Can Traefik cause a downtime during dynamic configuration reload?


We are using Traefik for around 2 weeks now after a switch from an Apache Proxy setup to docker swarm based setup. The project is rather large with around 400 domains including Letsencrypt certificates and 50 separated yaml dynamic configuration files containing 190 routes and 80 middlewares.

During the switch the configuration was modified quite often, because new Domains moved to the new infrastructure, fixing typo's in the config or just adding features like rate-limiter. There could be around 20 changes per day or more - mostly because of new Domains - thus creating new certificates.

The Happening

Most of the changes went smooth without much problems. But sometimes we had response codes like 502 Bad Gateway or an exotic response like 406 Not acceptable which I think came from the application because of missing Accept Header but not sure why. The responses lasted from a few seconds to 2 minutes and was suddenly fixed again without any further changes.


To rule out Traefik and learn somthing:

How does Traefik update it's configuration? Can there be a downtime during reconfiguring middlewares, routes and containers/services somehow?
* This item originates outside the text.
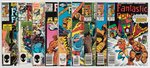 FANTASTIC FOUR LOT OF 107 MODERN AGE COMIC ISSUES.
Or is this just not possible, because traefik loads the whole config, creates internal structures and then does an somewhat atomic switch of everything?

Many thanks for your time and help


Traefik prepares the configuration before applying it, the switch of the routing (routers, services, middleware) is done in memory and it's instantaneous.

But before applying the configuration, Traefik needs to "prepare" it, so the changes are not instantaneous.

So there is no downtime during dynamic configuration reload.

1 Like